My children frequently visit my former husband and his wife, who often tell them that high moral standards are outdated. In such circumstances, how can I teach my children the importance of being morally clean?

Response by Hal G. Ferguson, retired instructor, Department of Family Science, Ricks College.

Children are not born with a clear understanding of who they are. They develop their identity as they grow, based on their experiences and their interpretation of those experiences. As children interact with their parents, they learn to identify with them and come to feel that each parent is somehow a “part” of themselves. Both parents, regardless of character, play an important role in this process.

Therefore, we are right to be concerned about our children’s association with those who do not advocate high moral standards. But the way to deal with that concern is not to restrict the children’s association with their father or to attempt to discredit him in their eyes. Doing so may make the children feel, in a very real sense, that they, too, are being discredited.

For example, Ann (her name has been changed), whose parents were divorced, had lived mostly with her mother, who did not live Church standards. Ann felt discouraged when her father, an active Church member, spoke disparagingly of her mother. “I often wish that he would not speak of her that way, because I love her and think that he is also tearing me down,” Ann said. Though she is now in college, has a strong testimony, and is committed to living gospel standards, Ann’s identity is still not totally separate from that of her mother, and her father’s criticism of her mother still hurts and causes Ann to feel “caught in the middle.”

Instilling feelings of dislike toward a parent can interfere with a child’s spiritual and emotional development. One woman’s parents divorced when she was young, and the mother embittered the children toward their father, who was an alcoholic. Years later, after the girl grew up and married, her husband was killed in the Vietnam War, leaving her with two children. Within a few years she remarried and gave birth to a child with disabilities. She wondered why so much grief had come into her life and concluded—wrongfully, though that made little difference—that it was because she had hated her father. She could find no peace until she found him, asked his forgiveness, and offered to help him.

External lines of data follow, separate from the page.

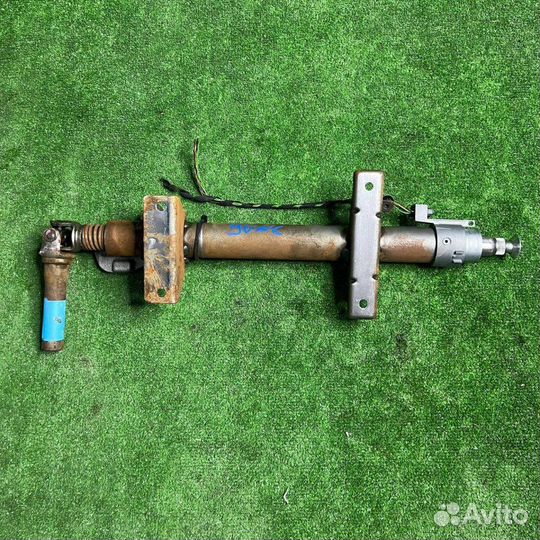 Рулевая колонка Volkswagen Crafter CKT 2.0 TDI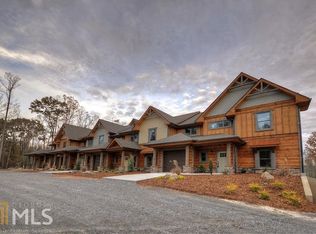 0 Overlook At Br #T-6, Blue Ridge, GA 30513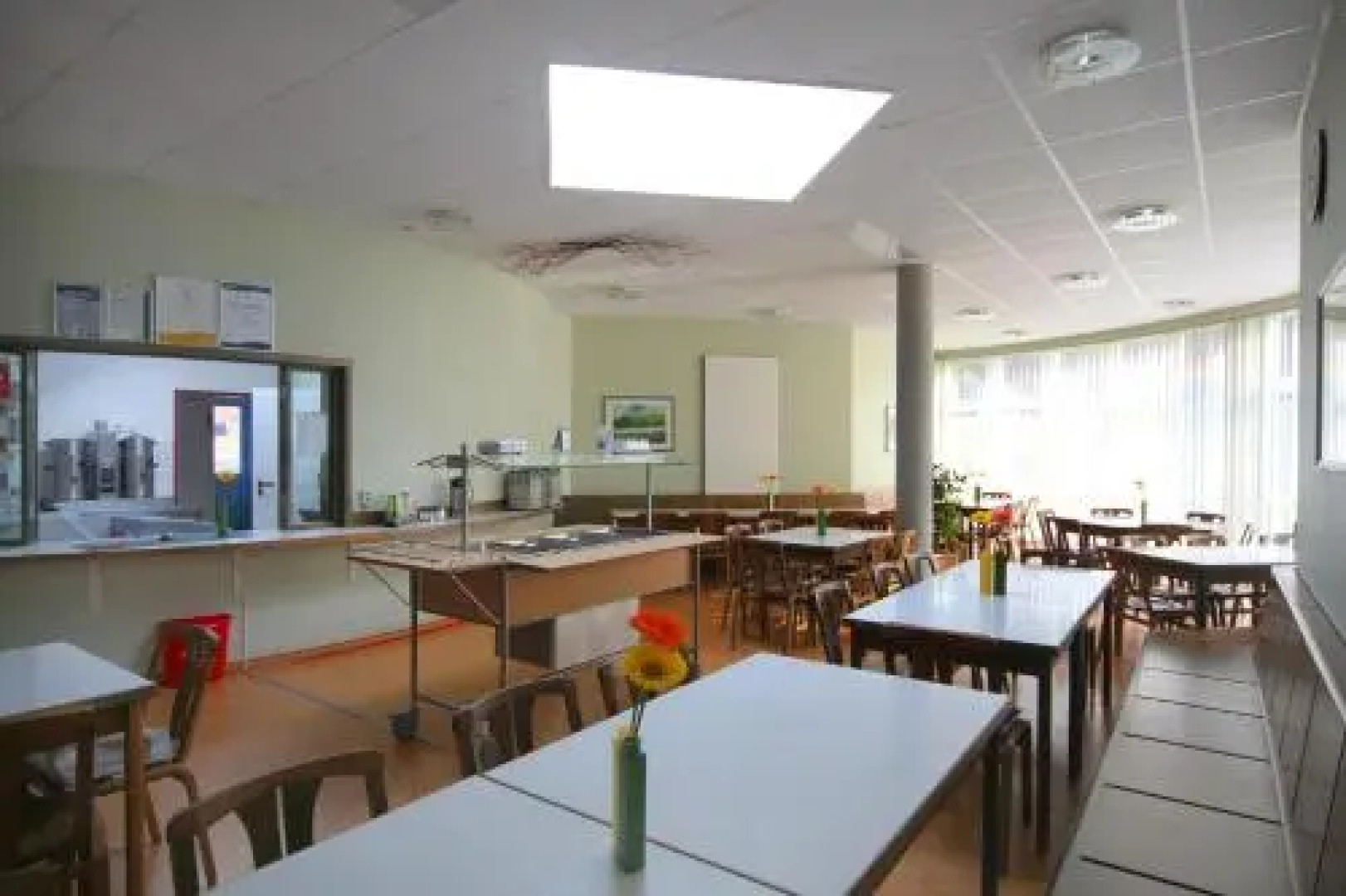 DJH Jugendherberge Güstrow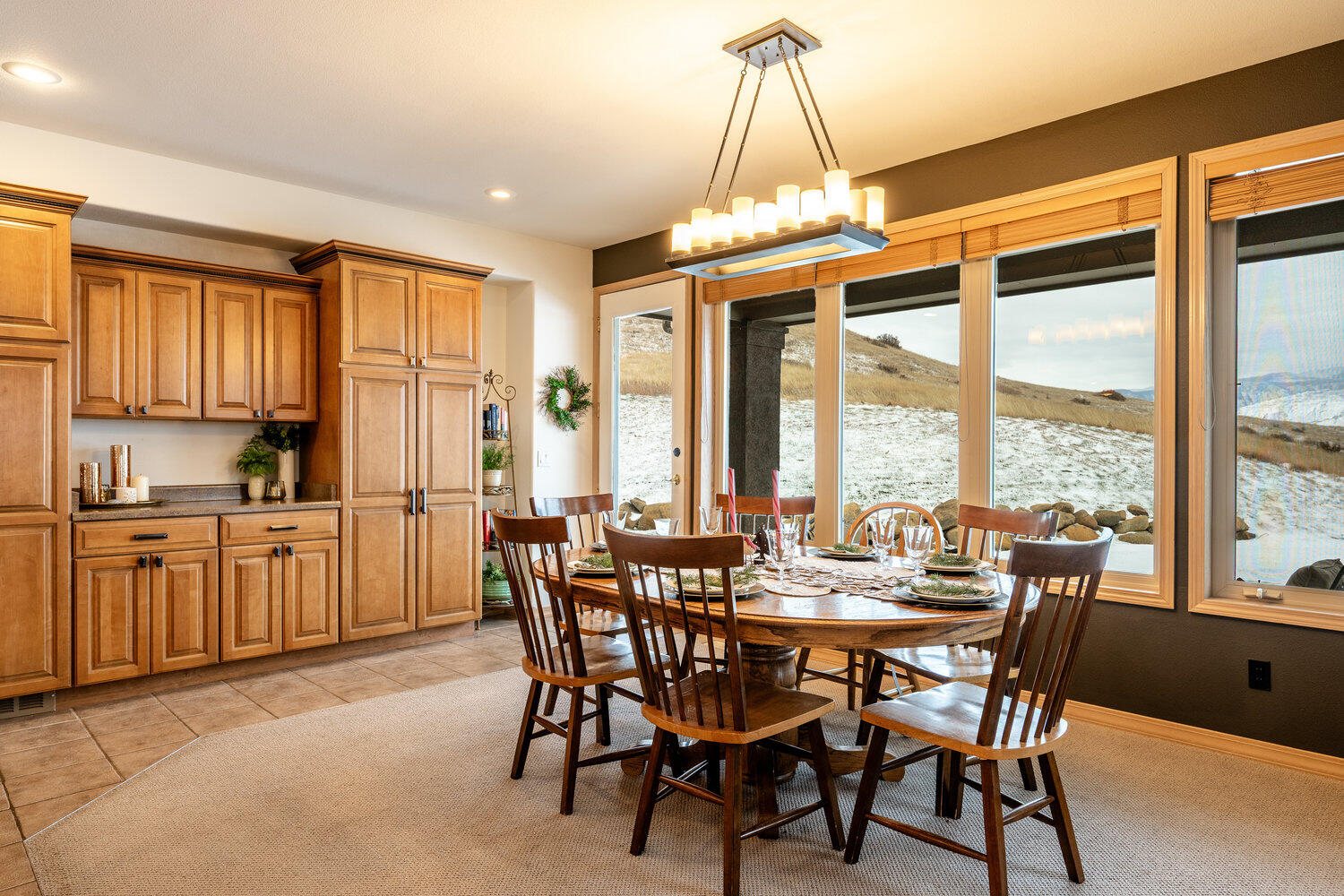 45 Eagle Ridge Drive Sheridan, WY 82801 - Photo 18 of 48 074_dsc_2453-hdr-edit_425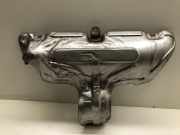 Heat Insulation VOLVO V40 Hatchback T4 31293261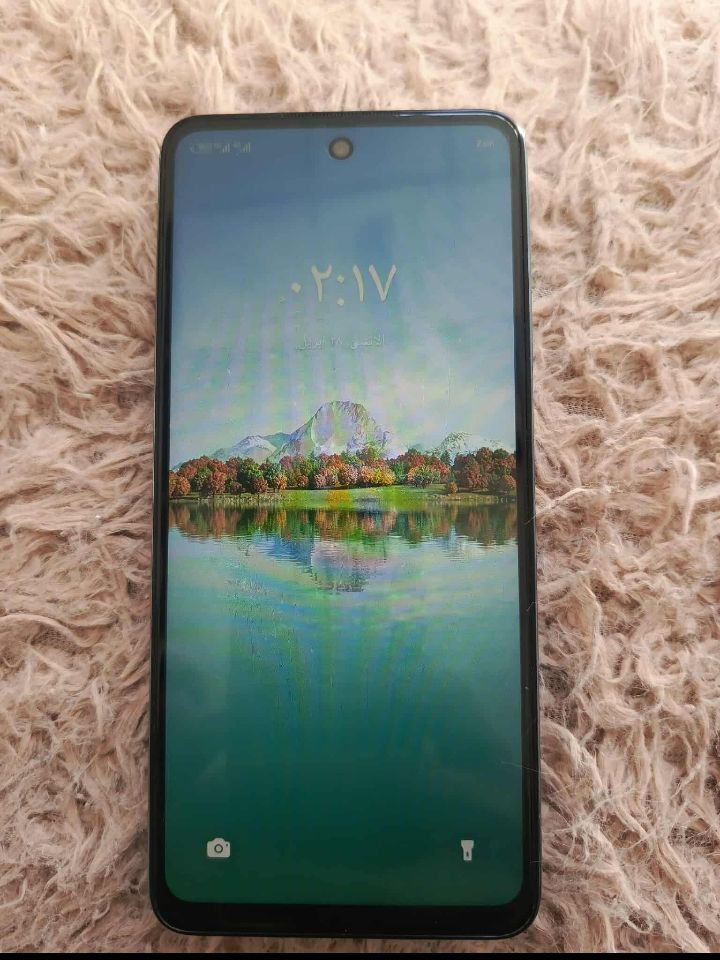 TECNO SPARK 20
نظافة الجهاز 90%كارتون وياه 
ذاكرة 256
رام8+8
معالج Helio G85
بطارية 5000
ببجي 60فريم بالتحديث الجديد
السعر 125
مكاني الجانب الايسر


**إذا كنت صاحب هذا الإعلان وتريد حذفه لأي سبب، رجاءا أرسل رسالة إلى الدعم الفني**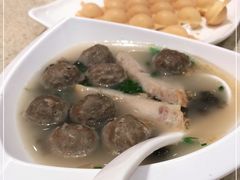 -满得意茶餐厅·顺德家常菜·港式经典(大良店)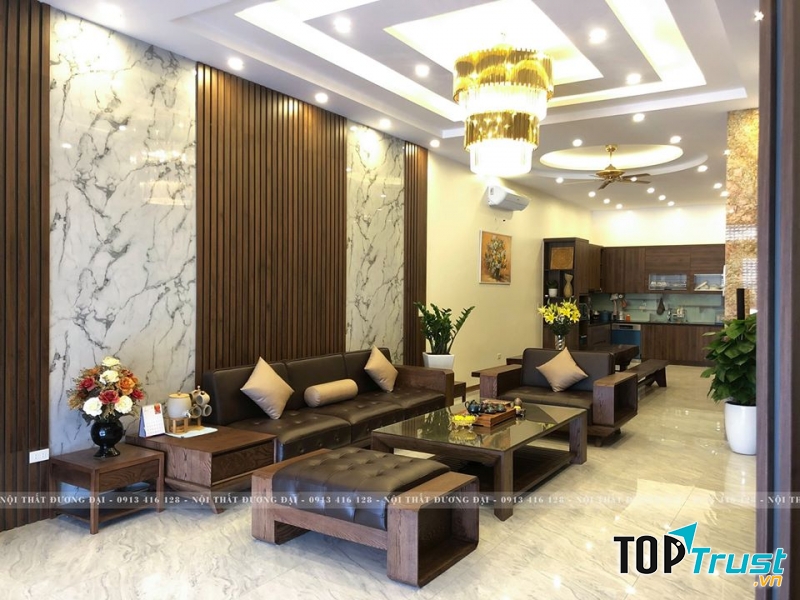 Nội Thất Đương Đại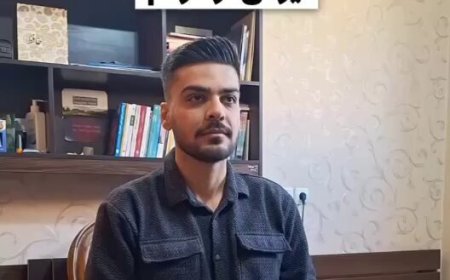 ببینید| انتقاد طنازانه از شوخی‌های بی‌نمک در صداوسیما و شبکه نمایش خانگی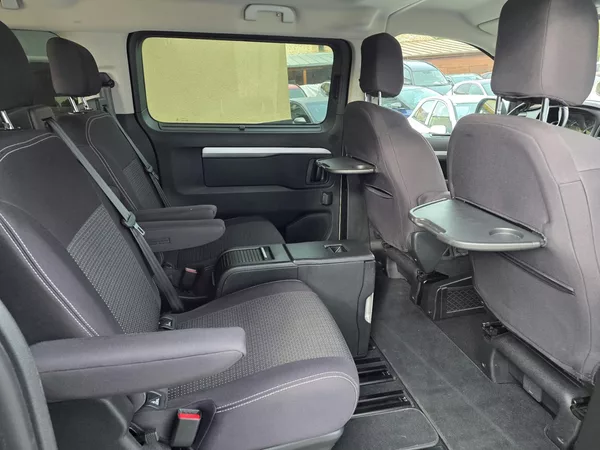 Toyota ProAce Verso 2.0-1.MAJ-DPH-AUT-BUSINESS - foto 26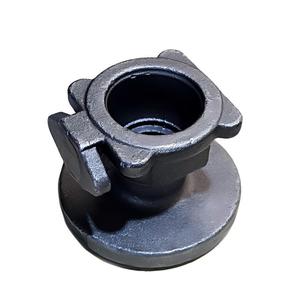 Proveedor de Fundición a la Cera Perdida en Acero Inoxidable, Servicio de Fundición de Precisión Personalizado, Fundición de Aluminio - Product Image 6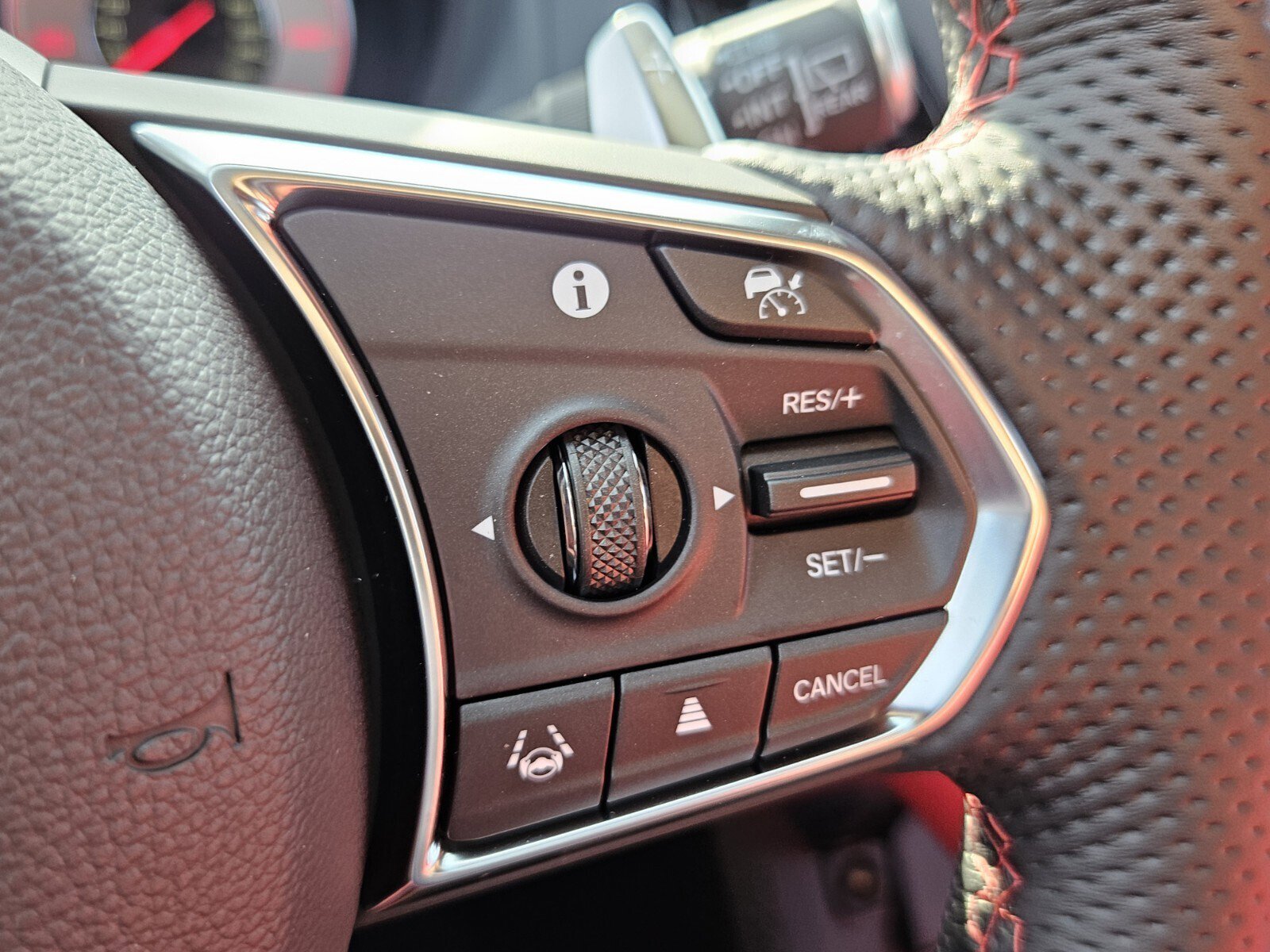 New 2025 Acura RDX A-Spec image 14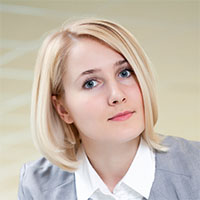 Яна Сергеевна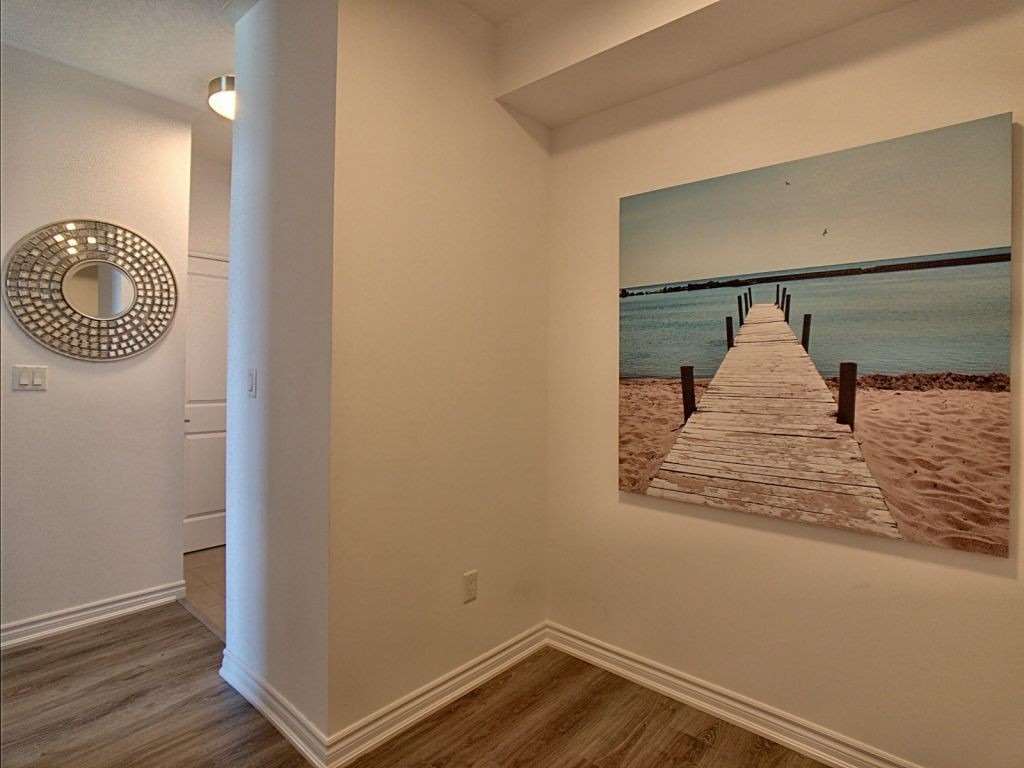 35 Southshore Cres, #328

As we teach our children, we should remember that the commandment “honour thy father and thy mother” (see Ex. 20:12) is not predicated on the condition that the parents are righteous. When referring to a child’s father or mother who does not advocate or live by gospel standards, we should do so in a context that separates the parent from his or her behavior. Encouraging the children to love and respect such a parent is in their best interest. But at the same time, the children need to know—both by word and by example—the importance of and the rewards inherent in living gospel standards.

“But,” we may ask, “what if the child is being injured physically or morally by a wayward (or even evil) parent?” It is unfortunate that such ever happens, but still it would seem that teaching hate is not the best response. Such children need to be comforted and assured that they are not bad because of what has happened to them.

The problem of teaching children moral standards is not unique to divorced parents. Even in an intact marriage, one or both spouses may not believe in or live gospel standards. The way to teach children from such homes to live high moral standards is to help them understand that they are members of three great families—their present earthly family; their premortal heavenly family; and the family of Christ, which they enter by being “born again” into his family through the baptisms of the water and the Spirit.

Children need to understand their true identity as sons and daughters of God. They also need to understand the opportunities offered them as they bear the name of Christ. As Elder Neal A. Maxwell put it, “How can we truly understand who we are unless we know who we were and what we have the power to become? … How can one understand his tiny, individual plot without knowing, even a little, about Father’s grand, galactic plans?” (Ensign, May 1986, p. 35.)

Elder Charles Didier called such a sense of knowing who we are “spiritual security.” He said that “knowing who we really are prepares us to use that knowledge to face temptations, to resist them, and then to act righteously” (Ensign, May 1987, p. 27).

The most powerful resource we can have in teaching others is that of example coupled with love. Example can bear unquestionable witness to the value of high moral principles. A parent needs to let children know they are loved, and seek to build the best relationship possible with them—without discrediting the other parent. As the scriptures say, if we “train up a child in the way he should go … when he is old, he will not depart from it” (Prov. 22:6; see also 2 Ne. 4:5).

There is no guarantee that children will ultimately choose to live gospel teachings even if all their family, friends, teachers, and neighbors set good examples and encourage them in righteousness. They have their agency and may choose not to live by what they have been taught. But if we teach our children correct principles and set a good example for them, chances are good that they will want to exercise that agency to choose that which is good and true.